Desde Río de Janeiro
El Congreso brasileño decidió instaurar una Comisión Parlamentar de Investigación compuesta por diputados y senadores para averiguar actuaciones y responsabilidades en el intento de golpe de Estado el pasado ocho de enero, que culminó con la invasión y devastación de las sedes de los tres poderes en Brasilia.
Imágenes de miles de manifestantes invadiendo y destruyendo Presidencia, Superior Tribunal Federal y el mismo Congreso siguen en la memoria de millones de brasileños.
Hay más de mil detenidos aguardando decisiones judiciales, pero sigue en misterio quiénes fueron los financiadores y los organizadores del intento de golpe incentivado claramente por el expresidente, el desequilibrado ultraderechista Jair Bolsonaro.
Otro misterio a espera de aclaración se refiere al rol desempeñado por las fuerzas de Seguridad y, en última instancia, por las mismas Fuerzas Armadas, principalmente el Ejército.

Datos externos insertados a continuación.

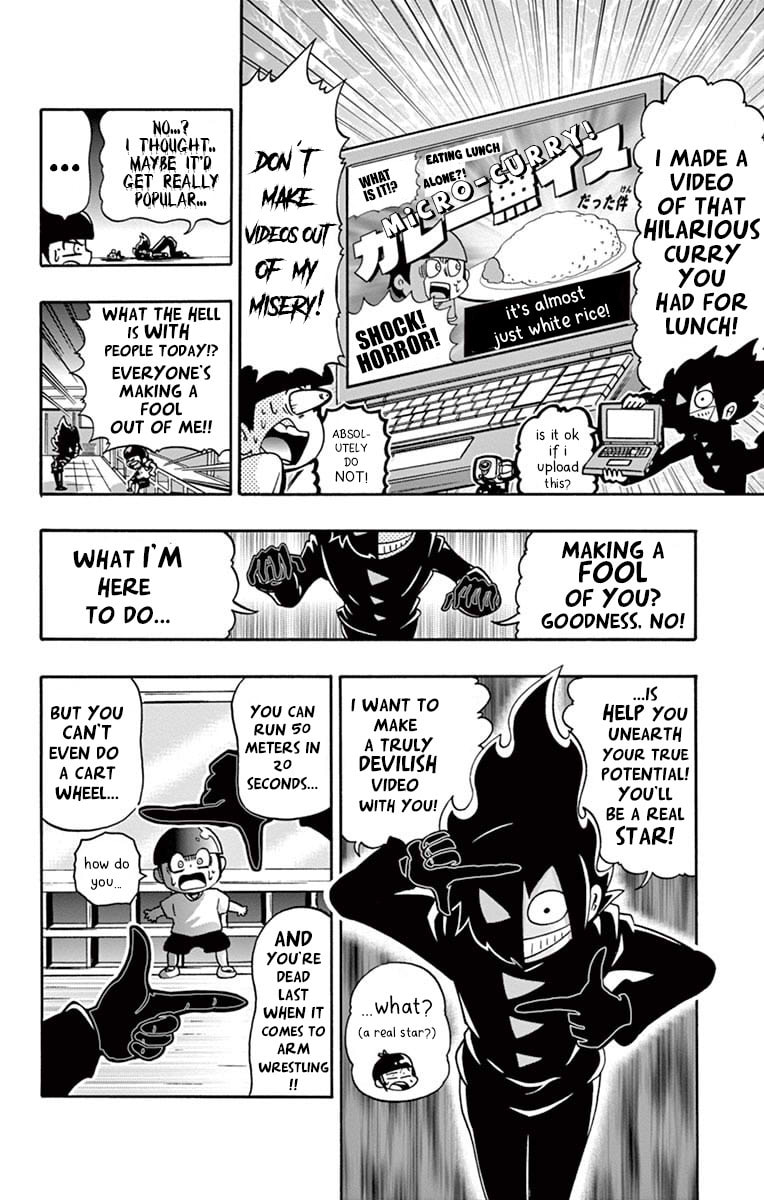 The Demonic Creator Appears! page 10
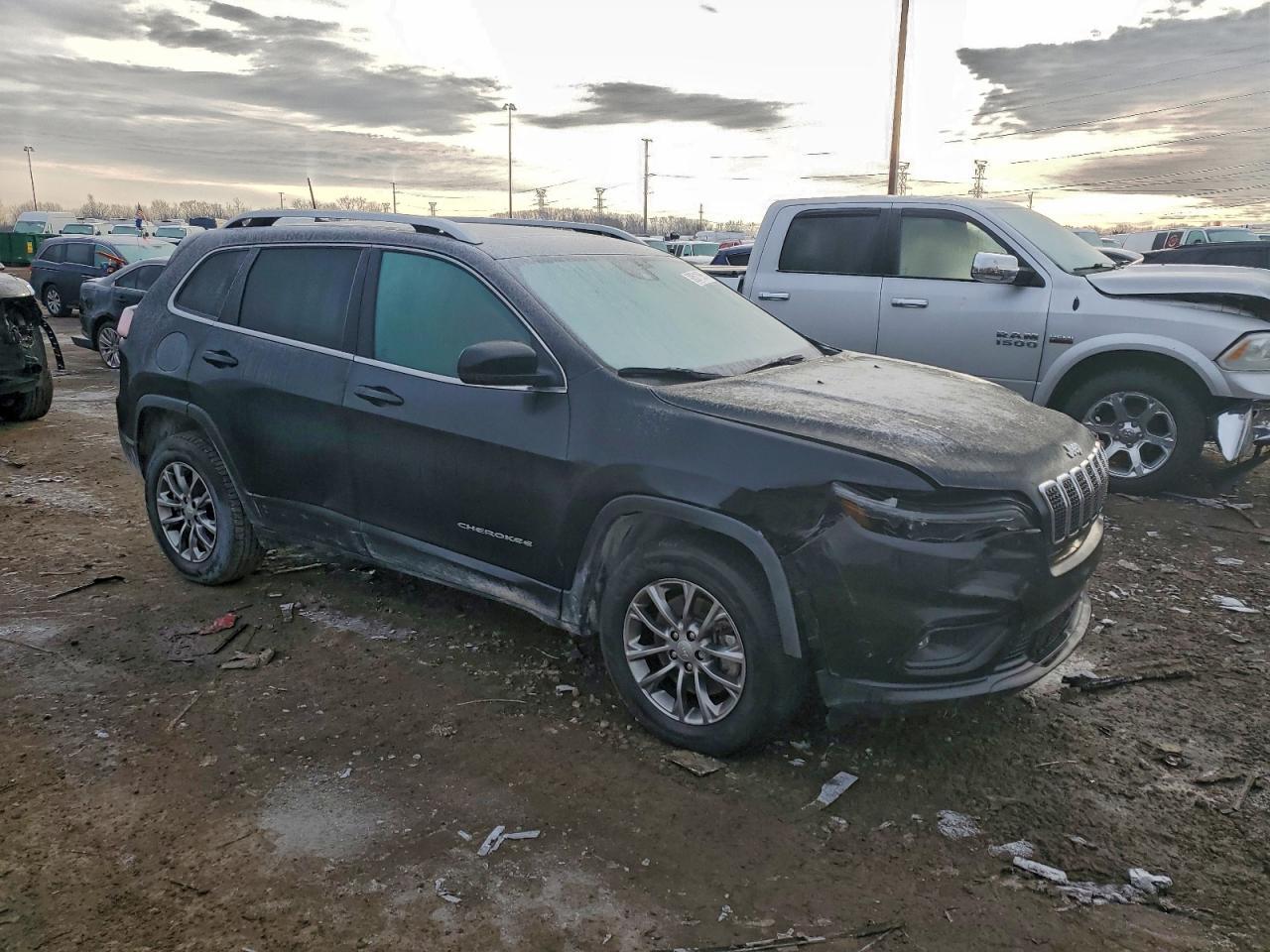 2021 Jeep Cherokee Latitude Lux - Фото 4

La aparente pasividad de unos y otros frente a la acción de manifestantes violentos no tuvo hasta ahora una explicación razonable.
El presidente Lula da Silva se opuso, en un primer momento, a la instalación de la Comisión en el Congreso.
El argumento bastante razonable de Lula era que tanto la Policía Federal como la Justicia estaban dedicadas al tema, y que con la Comisión el Congreso retardaría la votación de iniciativas importante del gobierno.
Había, sin embargo, algo más: la preocupación de no incitar aún más resistencias de parte de los uniformados, principalmente en el Ejército, contra él y, por rebote, contra su gobierno.
En sus dos primeros mandatos presidenciales (2003-2010) Lula resistió a las fuertes presiones para no instaurar una Comisión de la Verdad para denunciar el terrorismo de Estado practicado durante la dictadura militar que imperó en Brasil entre 1964 y 1985.
La sucesora, Dilma Rousseff, ella misma víctima de cárcel y violencia en la dictadura, finalmente estableció la Comisión.
Pese a que la Ley de Amnistía decretada en los tiempos finales de la dictadura impidió que los denunciados fuesen llevados a la Justicia – Brasil es el único país de Sudamérica en que nadie fue punido – la revelación de los nombres involucrados en actos de violencia causó fuerte impacto entre los uniformados.
El golpe legislativo que tumbó Dilma Rousseff en 2016, bien como la elección de Bolsonaro en 2018, contó con claro respaldo de los cuarteles, en especial del Ejército.
En su gobierno el ultraderechista esparció a miles de militares, algunos activos, por toda parte, de empresas públicas a ministerios. También distribuyó robustos manojos de dinero y aumentó los sueldos.
Con eso mantuvo la simpatía de los cuarteles, pese al desastre que fue su presidencia, que destrozó casi todas las conquistas alcanzadas por los gobiernos anteriores desde 1995.
A tiempo: la Comisión de Investigación tendrá plena mayoría de diputados y senadores aliados a Lula.
Ya se sabe que entre los primeros convocados estarán militares retirados que fueron piezas fundamentales del gobierno Bolsonaro.
También deberán ser llamados para contestar preguntas militares activos, que se mantuvieron impasibles frente a los ataques de los golpistas el ocho de enero, bien como comandantes que permitieron campamentos de seguidores de Bolsonaro frente a instalaciones militares.
En los campamentos, financiados no se sabe por quién, había una incitación permanente a un golpe, primero para impedir que Lula asumiese la presidencia, y luego para quitarlo del puesto.
Habrá mucho que explicar. Y pese al profesionalismo de los actuales comandantes máximos de las tres Fuerzas Armadas, es sabido que principalmente entre oficiales de rango inferior el respaldo a Bolsonaro y la resistencia a Lula y su Partido de los Trabajadores son fuertes.
Todavía no se sabe cuándo los trabajos de la Comisión tendrán inicio. Se supone que en las próximas dos semanas. Pero la tensión ya es palpable, y no solo en el gobierno y la oposición: también entre los uniformados.
Lula tendrá de ejercer su reconocido poder de diálogo y conciliación para evitar tropiezos.